Wir beraten

Gott ist nicht in unserer Mitte   

Peter Zürn zur Lesung am 3. Fastensonntag SKZ 6-7/2008

Alttestamentliche Lesung: Ex 17,3–7
Evangelium: Joh 4,5–42

«Gott ist in unserer Mitte». Ein tröstender und stärkender Zuspruch. Aber liegt darin nicht auch eine Gefahr? Die Gefahr der Festlegung Gottes. Die Gefahr, dass Menschen über Gott verfügen, indem sie definieren, was die Mitte ist?

Mit Israel lesen
Nach der Befreiung aus der Unterdrückung wird das Volk Israel mit den widrigen Lebensbedingungen in der Wüste konfrontiert und beginnt gegen Moses zu murren (Ex 15,22–17,7). Moses wendet sich an Gott und der verschaff t dem Volk auf wunderbare Weise Hilfe. Die Auseinandersetzungen spitzen sich dramatisch zu, schliesslich fürchtet Moses um sein Leben (Ex 17,4). Der Lesungstext beendet die Reihe der sogenannten Murrgeschichten mit der Frage des Volkes: «Ist Gott in unserer Mitte oder nicht?» (17,7). Die Antwort des Textes lautet: Nein. Gott ist nicht in der Mitte. Im Gegenteil: Gott ist draussen, ausserhalb des Lagers. Entsprechend wird Moses von Gott angewiesen, am Volk vorbeizugehen (17,5). An einem Felsen – «dort drüben» – findet die Begegnung mit Gott statt, beginnt das rettende Wasser zu fliessen (17,6).

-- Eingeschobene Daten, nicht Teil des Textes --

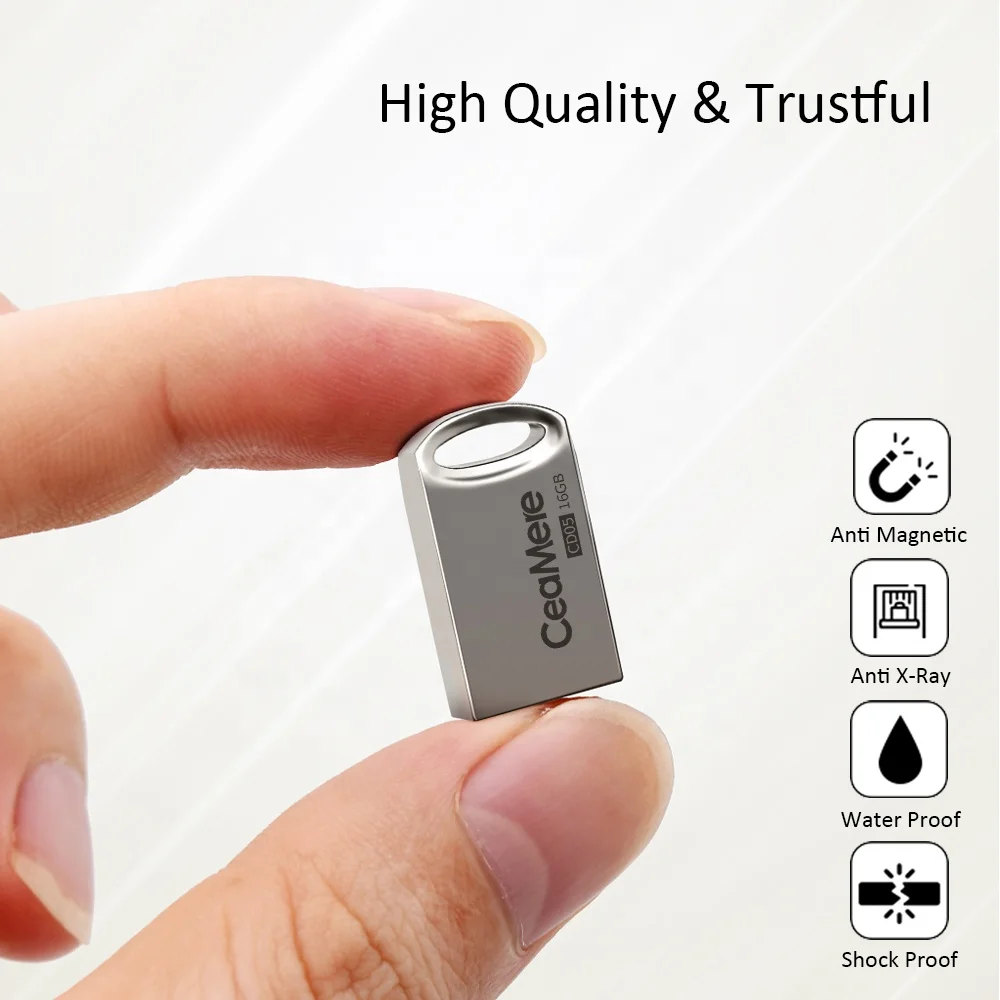 Ceamere CM-CD05 Original  Metal USB 2.0 64GB Drives Memory Stick 8GB 16GB 128GB Mini Metal  Pendrive 64GB USB Flash Drive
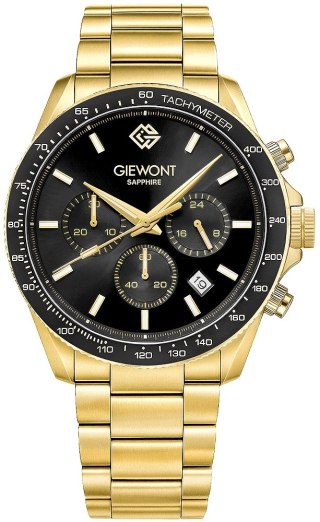 Zegarek Męski Giewont Chronograph Sapphire Złoto Czarny GW3520-B4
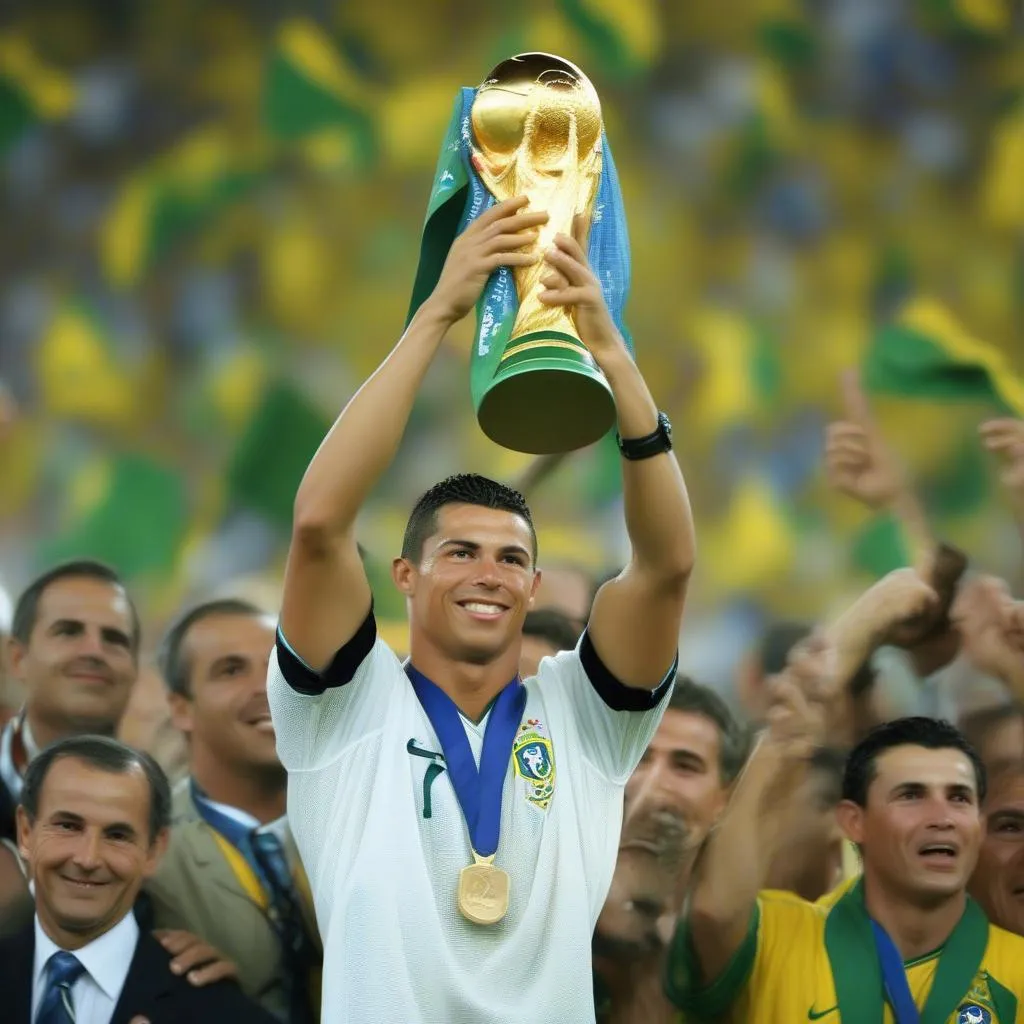 Ronaldo nâng cao cúp vô địch World Cup 2002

Die jüdische Auslegung interessiert sich sehr für diesen Felsen. Sie erkennt in ihm einen mobilen Felsen, der dem Volk auf der weiteren Wüstenwanderung folgt. Der Midrasch erzählt: «Nachdem Moses am Berg Horeb den Felsen schlug und dieser Wasser gab, verwandelte sich der Felsen zu einem runden Block, der Israel vierzig Jahre in der Wüste begleitete» (Schabbat 35a). Dieses Motiv ist auch dem Schrift gelehrten Paulus bekannt, darum schreibt er in 1 Kor 10,4 unter Bezug auf die Ex 17: «denn sie tranken aus dem lebenspendenden Felsen, der mit ihnen zog».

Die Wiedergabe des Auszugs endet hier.